(DATA SHOWN)
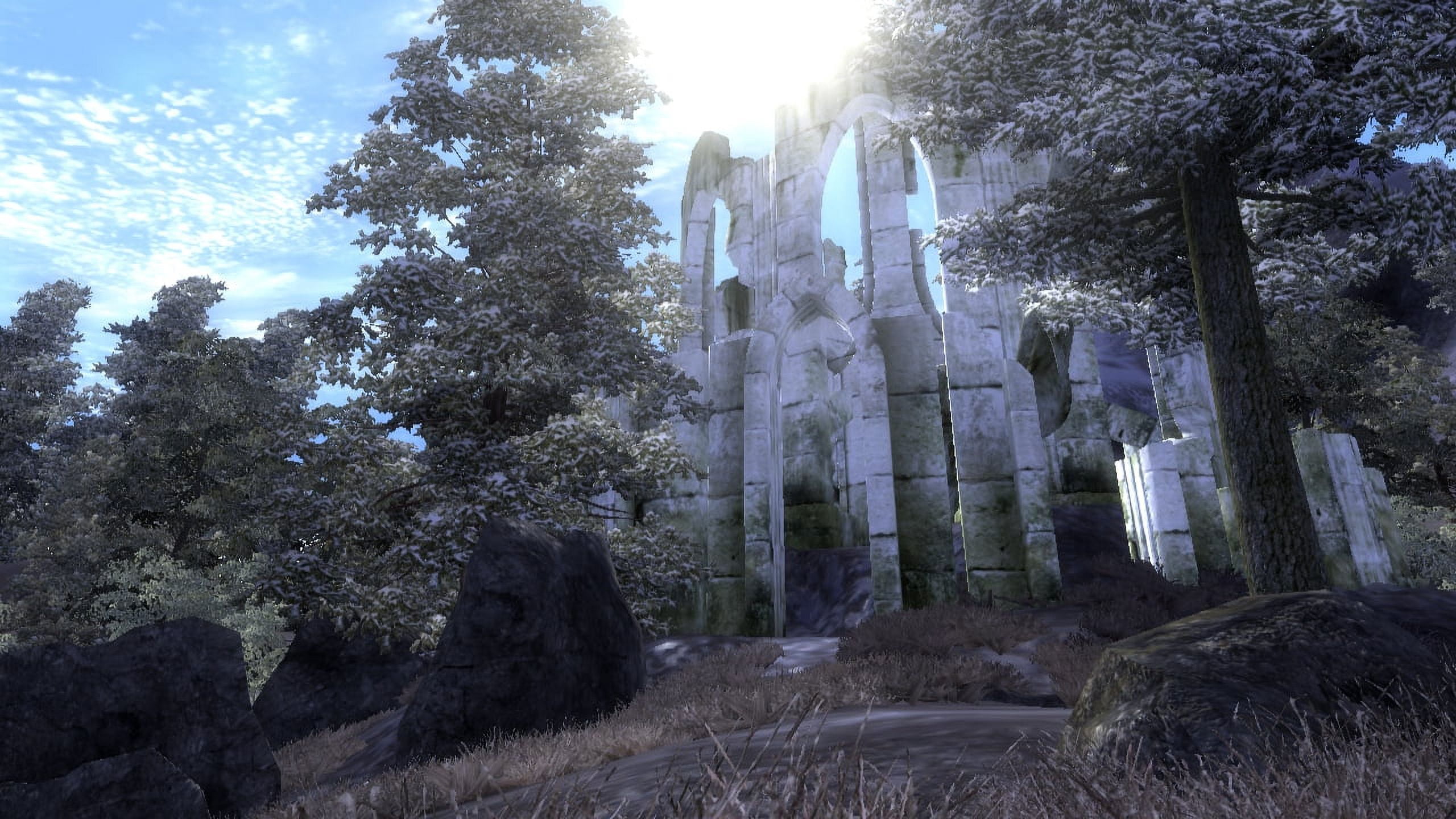Elder Scrolls IV: Oblivion (Platinum Hits) - Xbox 360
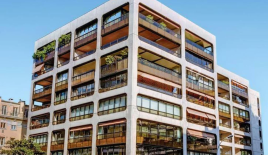 Квартира за 2 100 000 евро в Монако, Монако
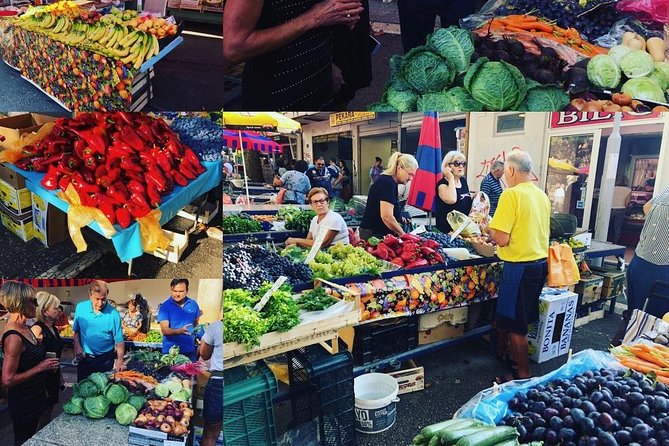 Split Cooking Class - The Culinary Experts and Their Passion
(End DATA SHOWN)
Leave the pictures out, and reproduce only the lines from the line holding "Квартира за 2 100 000 евро в Монако, Монако" through the last line of the material, both included.

 Квартира за 2 100 000 евро в Монако, Монако
 Split Cooking Class - The Culinary Experts and Their Passion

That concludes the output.